California School Employees Ass'n v. King City Union Elementary School District

GRODIN, J.,

Concurring. — I do not agree that the “formal vote of the members of the board” which Education Code section 35163 requires for “every official action” is satisfied by some undefined “consensus,” particularly where the trial court finds that there was no “vote” at all. Nor is it satisfied by the fact (if it is a fact) that the board’s action was recorded in the minutes of the board meeting and in the journal of its proceedings, since the requirement for recordation of official acts is imposed by section 35163 in addition to the requirement for “formal vote.” To me, a formal vote means at least a procedure by which each member of the board indicates in some formal and express way his approval or disapproval of a pending proposition.

Nor do I agree that board policy 420.7 became inconsistent with state law simply because there was a reduction in funding for teacher aides. It is apparent, and at oral argument the board conceded, that the reduction in funding could have been accommodated by other means including, for example, the means now advocated by the union, i.e., by reduction in the number of teacher’s aides.
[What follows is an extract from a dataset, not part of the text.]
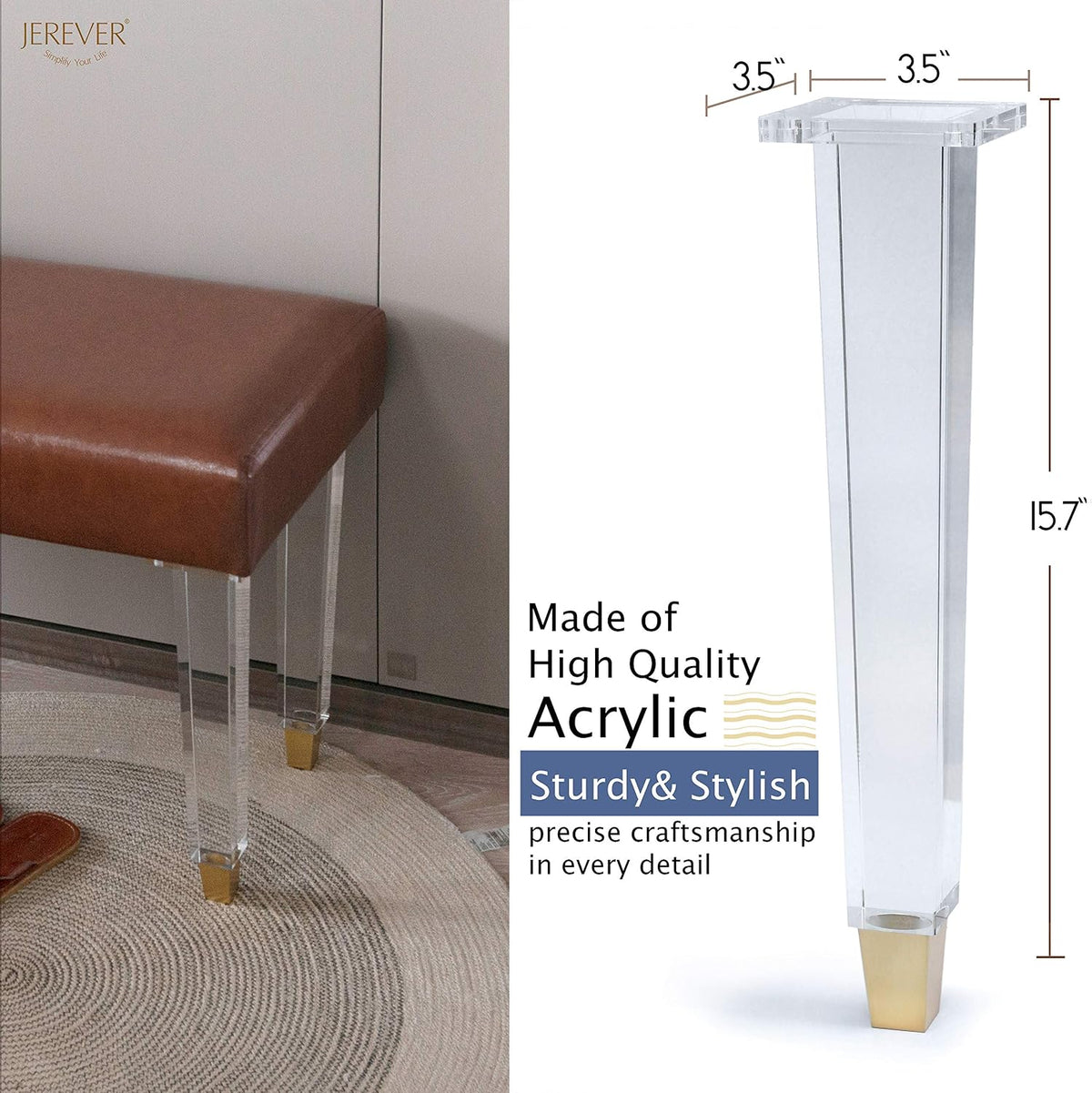 16-Inch Square Acrylic Furniture Legs, Set of 4 - Square Leg/Gold Feet - image 4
The trial court determined, however, that the school board “received no protest in the 1976-1977 school year and had no reason to believe that a similar change in school year 1977-1978 was or would be a matter of protest or objection until a formal protest was made on February 8, 1978.” By that time, of course, it was too late to effectuate the layoff-by-seniority alternative for which the union now contends, for the teacher aide (or aides) who would have lost employment altogether *706by that alternative had already been employed. Under the circumstances, it could reasonably be said that the union was estopped from asserting its position, and on that ground I join in the result.

A petition for a rehearing was denied April 9, 1981. Grodin, J., was of the opinion that the petition should be granted.